Falling back on my training as a Project Manager allowed for easy digestion of the nearly 1000 item gantt chart presiding over this project, and resulted in a perspective which allowed me to adjust the operations of my development team to better align with the more sequential goals and milestones of the environment migration. This was extremely important to the project overall, due to the fact that had the independently managed development teams attempted the migration in the traditionally self-governing manner prescribed by the principles of agile, the migration could have experienced significant delays as the platform or product interdependencies may have been missed, or failed to be considered as readily. These delays would not only have impacted the migration project, but could have also resulted in delays to product feature development and deployment as resources would be pulled off of other projects to help mitigate these potential risks.

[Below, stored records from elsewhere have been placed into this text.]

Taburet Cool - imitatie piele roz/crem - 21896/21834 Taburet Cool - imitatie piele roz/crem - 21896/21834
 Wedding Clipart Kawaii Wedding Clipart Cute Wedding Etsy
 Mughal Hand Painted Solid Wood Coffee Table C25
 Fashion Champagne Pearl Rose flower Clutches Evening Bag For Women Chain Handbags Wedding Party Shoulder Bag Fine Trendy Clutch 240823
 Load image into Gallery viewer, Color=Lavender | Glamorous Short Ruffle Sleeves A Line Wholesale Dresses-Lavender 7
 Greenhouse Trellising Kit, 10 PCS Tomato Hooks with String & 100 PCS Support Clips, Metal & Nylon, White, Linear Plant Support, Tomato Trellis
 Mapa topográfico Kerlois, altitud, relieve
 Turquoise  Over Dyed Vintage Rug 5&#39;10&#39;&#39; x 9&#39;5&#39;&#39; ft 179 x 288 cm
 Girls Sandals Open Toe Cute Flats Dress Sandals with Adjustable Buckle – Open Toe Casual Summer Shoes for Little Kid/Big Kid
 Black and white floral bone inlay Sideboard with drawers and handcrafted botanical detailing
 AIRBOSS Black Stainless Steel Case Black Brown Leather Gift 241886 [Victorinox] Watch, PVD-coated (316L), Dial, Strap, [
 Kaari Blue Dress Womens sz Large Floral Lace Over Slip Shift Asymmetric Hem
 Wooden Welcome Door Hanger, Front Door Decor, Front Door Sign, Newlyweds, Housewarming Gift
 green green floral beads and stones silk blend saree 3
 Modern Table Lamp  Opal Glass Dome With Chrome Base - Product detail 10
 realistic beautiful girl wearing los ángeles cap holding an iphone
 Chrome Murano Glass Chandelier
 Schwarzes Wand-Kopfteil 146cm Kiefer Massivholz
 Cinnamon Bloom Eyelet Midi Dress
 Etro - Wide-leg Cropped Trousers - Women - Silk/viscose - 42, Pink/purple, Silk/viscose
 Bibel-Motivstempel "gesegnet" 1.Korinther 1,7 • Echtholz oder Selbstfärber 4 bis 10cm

Ultimately, this project was successful due to the precise solutioning and planning which was completed during the project initiation phase. An already essential step in traditional project management, this front-loaded planning would have typically been avoided in a traditional agile process - instead opting for strongly defined requirements and in-depth refinement by the individual development teams. In this case however, the waterfall project management methodology allowed for minimized risk, maximized collaboration, and the successful completion of the Kubernetes Migration.